Code
Duplicate page found
Duplicate content is an SEO issue that arises from the same content appearing multiple times on different URLs on the same domain.
It's a problem for website owners and SEO professionals as there is no clear definition of duplicate content. What is known, however, is that duplicate content hurts rankings.
Duplicate content can exist when
- redirects are not properly set up,
- the server isn't correctly configured (with or without a baskslash at the end)
- content is published twice or more on a website under different URLs
Why it is important
In general, Google doesn't want to rank pages with duplicate content. And the Google bot will try to optimise the budget for a website or will simply guess which page the original page is.
-
To specify which URL that you want people to see in search results. You might prefer
people reach your green dresses product page via
https://www.example.com/dresses/green/greendress.html
rather thanhttps://example.com/dresses/cocktail?gclid=ABCD
. -
To consolidate link signals for similar or duplicate pages. It helps search engines to be
able to consolidate the information they have for the individual URLs (such as links to them)

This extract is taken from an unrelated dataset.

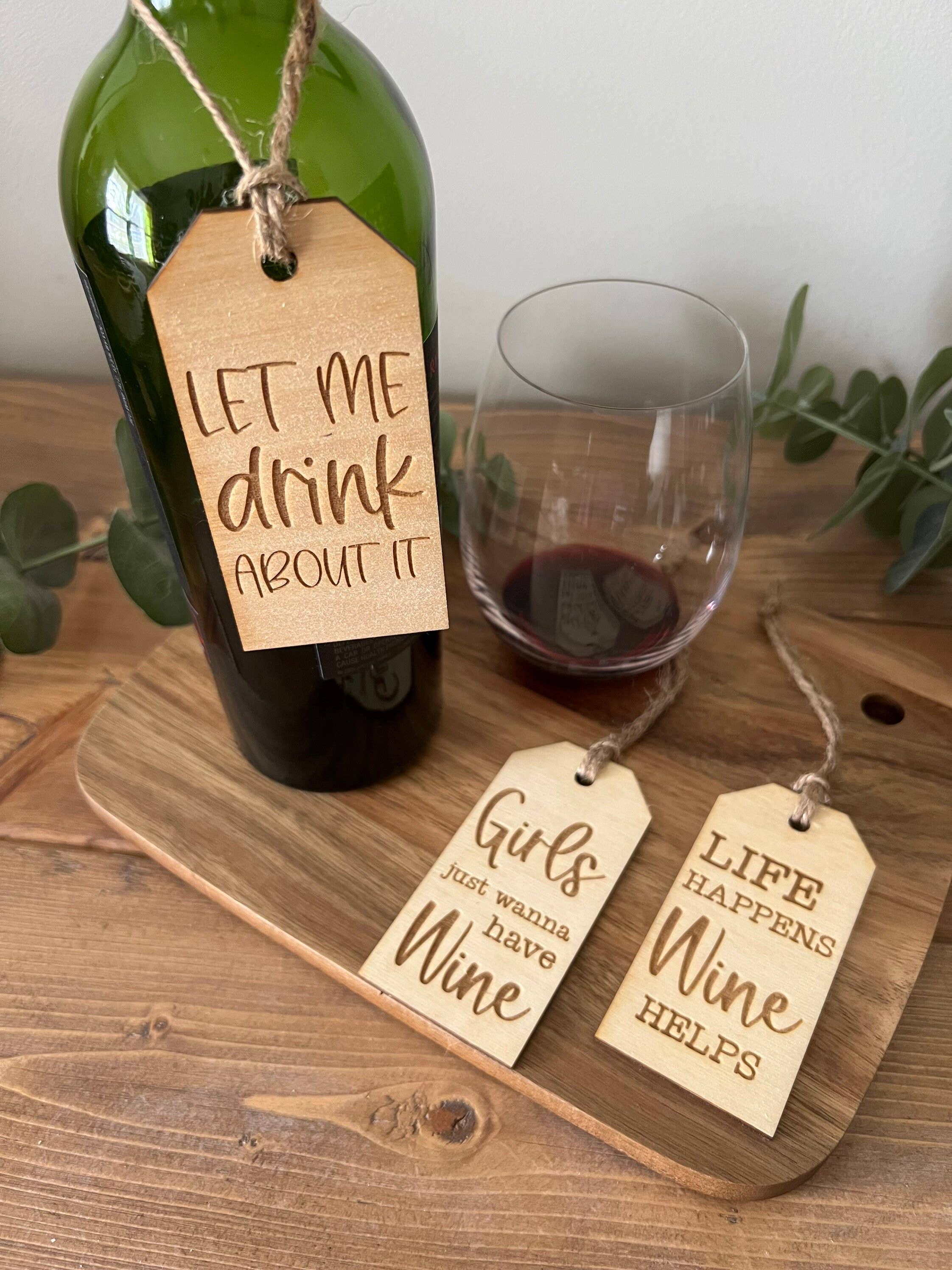 knocks on wood - Wholesale Gift Tag - Gift Tags For Wine Bottle Tags Wine Gift Tags Reusable Gift3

into a single, preferred URL. This means that links from other sites to
http://example.com/dresses/cocktail?gclid=ABCD
get consolidated with links tohttps://www.example.com/dresses/green/greendress.html
. - To simplify tracking metrics for a single product or topic. With a variety of URLs, it's more challenging to get consolidated metrics for a specific piece of content.
- To manage syndicated content. If you syndicate your content for publication on other domains, you want to ensure that your preferred URL appears in search results.
- To avoid spending crawling time on duplicate pages. You want Googlebot to get the most out of your site, so it's better for it to spend time crawling new (or updated) pages on your site, rather than crawling the desktop and mobile versions of the same pages.
How the audit works
The duplicate content audit uses different signals to identify potential issues with duplicated content.
A page will be flagged as duplicate if:
- the body and html are exactly the same
- a page has a meta element indicating the canonical URL
- the hashing algorithm find a nearly-identical page
Nearly identical
The nearly-identical flag happens when the text and content are very close.
This audit is triggered if the page has more than 50 unique words. Page with lesser content are excluded from this audit.
Fixing the problem
Resolving the duplicate content problem is highly dependent on why it happens that the same content appears twice
If if is a server problem, when an url is both available with and without slash, it can resolved by setting up the webserver configuration
Exact or nearly identical
Content that is nearly the same or published twice on a website can be removed when one of the 2 (or many) is identified as the original one.
In order to avoid losing out on traffic, a web professional should consult the web analytics to identify which one receives the most traffic.
Once the primary document is identified, a redirect should be created for the duplicate pages. this would allow any traffic that still comes to the duplicate URLs, to arrive at the original page.